Os preguntaréis por qué este pintor. A pesar de que fue un borracho casi toda su vida, se casó y tenía un amante la cual no escondía, y que terminó con su vida en un accidente de tráfico en el cual iba borracho, era un pintor libre. Le llegaron a llamar Jack el destripador, utilizaba una técnica llamada dripping: en lugar de utilizar caballete y pinceles, colocaba en el suelo el lienzo y sobre él vertía o dejaba gotear la pintura, que manipulaba después con palos u otras herramientas, e incluso a veces le daba una gran consistencia mediante la adición de arena e incluso fragmentos de vidrio. Llegaba a utilizar incluso jeringüillas para pintar. Pollock llegó a la libertad de expresión al punto de ser uno mismo dentro de la pintura. Pollock extendía la tela, normalmente sin tratar, sobre el suelo, y corría o danzaba a su alrededor y dentro de ella, derramando la pintura de manera uniforme. Pollock no trabajaba sobre el lienzo sino, muchas veces, metido en él. Ni siquiera llegaba a tensar la tela del lienzo sobre un cuadro, incluso eso, volaba en total libertad junto a la pintura. No utilizaba bocetos, directamente plasmaba lo que en su mente ebullía. Dicen que tal vez fuese un pintor bi-polar pero tampoco se demostró.
Palabras del pintor describiendo su obra: Cuando estoy en la pintura no me doy cuenta de lo que estoy haciendo. Sólo después de una especie de período «de acostumbramiento» ver, en lo que he estado. No tengo miedo de hacer cambios, destruir la imagen, etc., pues la pintura tiene una vida en sí misma. Trato de que ésta surja. Sólo cuando pierdo el contacto con la pintura, el resultado es una confusión. Si no, es pura armonía, un fácil dar y tomar y la pintura sale muy bien.
Ojos en el calor anuncia la pintura derramada y lo comenzó en el invierno de 1946-47. Es parte de Sonidos en la hierba , una serie de siete lienzos. La atenta mirada de las criaturas ocultas en la pintura aparecen aquí y allá, en su proliferación imitando el movimiento inquieto de los ojos del espectador.
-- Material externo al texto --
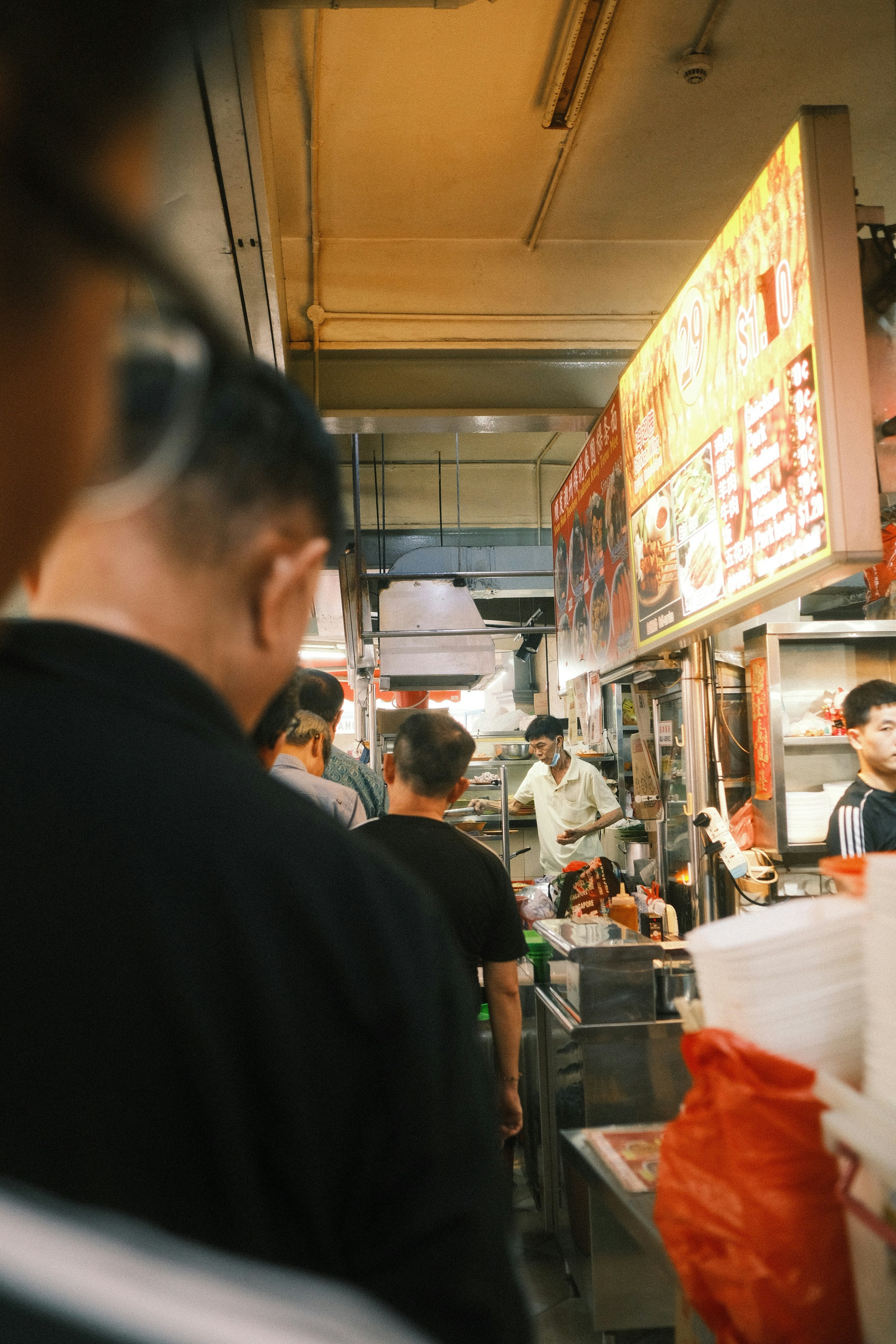Food market in Chinatown, Singapore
Pollock tampoco busca un significado en sus pinturas sino expresar sus sentimientos sobre el lienzo. Es como si debajo de toda esa pintura quisiera esconder su propio interior para que con nuestros ojos lo busquemos.
La Dama Luna con influencia de Picasso nos ofrece a una mujer como si se tratara de una radiografía de ella. De frente y perfil de la cara se combinan para contrastar dos aspectos del yo, uno sereno en público, el otro oscuro en el interior. Dicen que tal vez se inspirara en un poema de un amigo suyo. A mí en cierto aspecto el cuadro me da algo de miedo, con ese rostro maléfico rozando la propia locura que Pollock llevaba dentro.
Pienso que Jackson fue un loco de la pintura, que le dieron igual todas las reglas y que como un poeta volcó todos sus sentimientos, tal vez por propia cobardía tras sus lienzos y su propio alcoholismo. Ahora para muchos es un simbolo, un pintor que demostró que todo puede ser diferente y que el arte es el camino del conocimiento de uno mismo.